These two approaches can be combined, so you can pass a list of dictionaries as the inputs and set arguments with extra as well.

Chaining Maps

You may wonder what map() actually returns. Let’s take a look:

transformed_photos = gwf.map(transform_photo, photos, name=get_photo_name)
print(repr(transformed_photos))
# => TargetList(targets=[Target(name='transform_photo_dog', ...), ...])

We get something called a gwf.TargetList back! This is a simple wrapper around a normal list, but it allows us to access all of the inputs and outputs of the targets contained in the TargetList through inputs and outputs, respectively. Both of these return a list of the inputs/outputs of the targets. Thus, if your template function uses named outputs, outputs will be a list of dictionaries.

How is this useful? If we wanted to use another template on each transformed photo, we can just map over the outputs of the TargetList:

transformed_photos = gwf.map(transform_photo, photos, name=get_photo_name)
compressed_photos = gwf.map(compress_photo, transformed_photos.outputs)
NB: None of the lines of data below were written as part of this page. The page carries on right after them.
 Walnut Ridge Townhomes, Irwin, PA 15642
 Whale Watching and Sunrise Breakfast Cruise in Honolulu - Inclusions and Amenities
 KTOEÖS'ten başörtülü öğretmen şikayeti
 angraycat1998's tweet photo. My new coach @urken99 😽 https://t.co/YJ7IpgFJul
We could keep on going like this!

Collecting Files

Now that you’ve transformed and compressed your photos, you may also want to zip them into a single file. For this you wrote a template that looks like this:

def zip_files(paths, output_path):
    inputs = {'paths': paths}
    outputs = {'zipped_file': output_path}
    options = {}
    spec = """zip ..."""
    return AnonymousTarget(inputs=inputs, outputs=outputs, options=options, spec=spec)

Your template accepts two arguments: a list of files to zip and where to put the resulting file. We can’t use map() because we don’t want a zip file per photo, but a single target that depends on all of the photo files.
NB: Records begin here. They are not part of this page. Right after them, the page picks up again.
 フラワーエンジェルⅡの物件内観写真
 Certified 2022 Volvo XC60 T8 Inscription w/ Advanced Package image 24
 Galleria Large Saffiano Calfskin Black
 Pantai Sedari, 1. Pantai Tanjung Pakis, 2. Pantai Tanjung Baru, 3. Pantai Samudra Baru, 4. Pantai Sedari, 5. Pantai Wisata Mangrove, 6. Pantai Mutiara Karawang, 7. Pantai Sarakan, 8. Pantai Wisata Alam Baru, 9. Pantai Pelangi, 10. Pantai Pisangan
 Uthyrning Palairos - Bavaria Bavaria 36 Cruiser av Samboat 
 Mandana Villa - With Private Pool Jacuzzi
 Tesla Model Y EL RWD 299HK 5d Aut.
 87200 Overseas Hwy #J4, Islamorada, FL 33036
We start out by writing our call to target_from_template():

transformed_photos = gwf.map(transform_photo, photos, name=get_photo_name)
compressed_photos = gwf.map(compress_photo, transformed_photos.outputs)
gwf.target_from_template(
    name='zip_photos',
    zip_files(
        paths=[...],
        output_path="photos.zip"
    )
)

How do we get the list of paths? We can use the collect() helper function!

from gwf.workflow import collect

transformed_photos = gwf.map(transform_photo, photos, name=get_photo_name)
compressed_photos = gwf.map(compress_photo, transformed_photos.outputs)
gwf.target_from_template(
    name='zip_photos',
    zip_files(
        paths=collect(compress_photos.outputs, ['path']),
        output_path="photos.zip"
    )
)

The collect() function takes a list of dictionaries and produces a single dictionary containing a list for each key. So when given this:

[
    {'path': 'photos/dog.jpg.new'},
    {'path': 'photos/horse.jpg.new'},
    {'path': 'photos/cat.jpg.new'},
]

it simply produces this:

{
    'paths': ['photos/dog.jpg.new', 'photos/horse.jpg.new', 'photos/cat.jpg.new'],
}

Note that the name path has been pluralized, so it’s now paths in the dictionary. We can pass this directly to our zip_files template:

from gwf.workflow import collect

transformed_photos = gwf.map(transform_photo, photos, name=get_photo_name)
compressed_photos = gwf.map(compress_photo, transformed_photos.outputs)
gwf.target_from_template(
    name='zip_photos',
    zip_files(
        paths=**collect(compress_photos.outputs, ['path']),
        output_path="photos.zip"
    )
)

We use Python’s double-star operator to pass a dictionary as keyword arguments to a function.